== Segment start ==

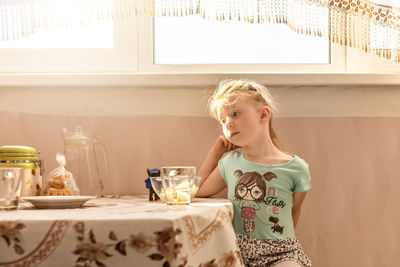 Portrait of a little girl toddler at the dining table. poor appetite.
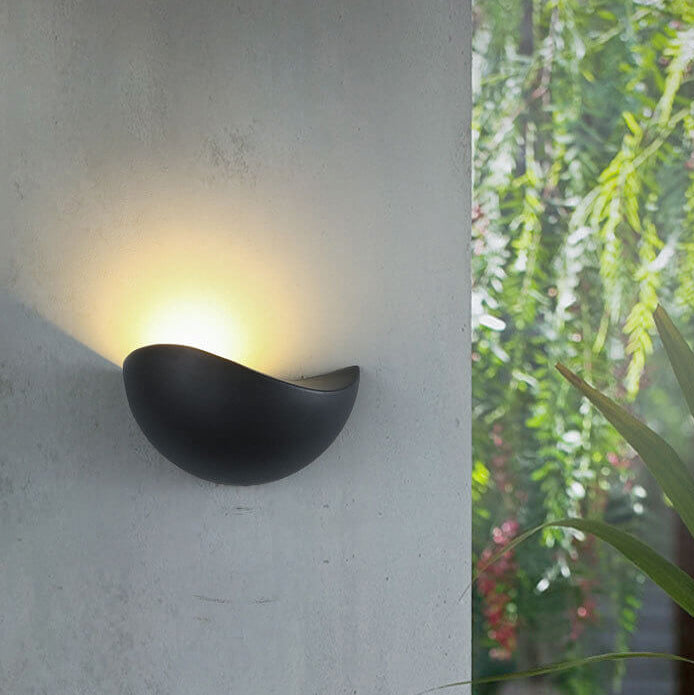 Modern outdoor wall light fixture on a concrete wall with greenery in the background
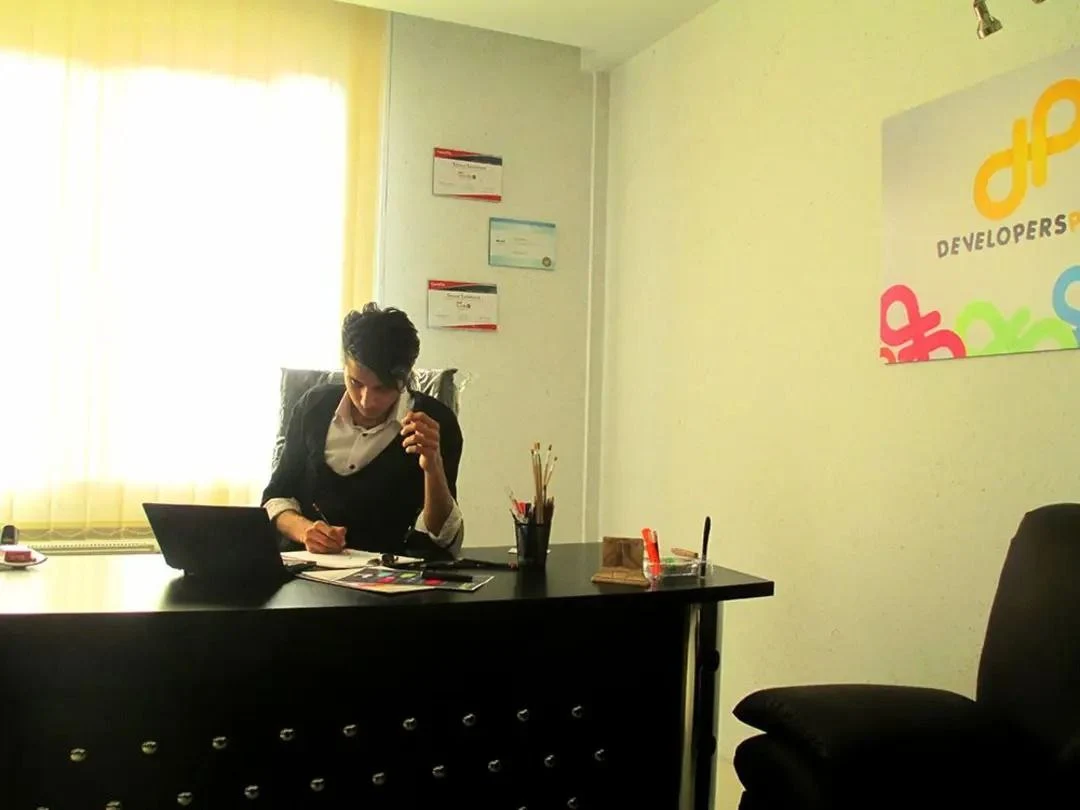 Sajjad at his desk in the Developers Pedia office in 2014, working on a small Samsung netbook.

== Segment end ==

→ **Task requirements**
From the first line to the last, output the data exactly, without the pictures.

→ **Exercise result**
 Portrait of a little girl toddler at the dining table. poor appetite.
 Modern outdoor wall light fixture on a concrete wall with greenery in the background
 Sajjad at his desk in the Developers Pedia office in 2014, working on a small Samsung netbook.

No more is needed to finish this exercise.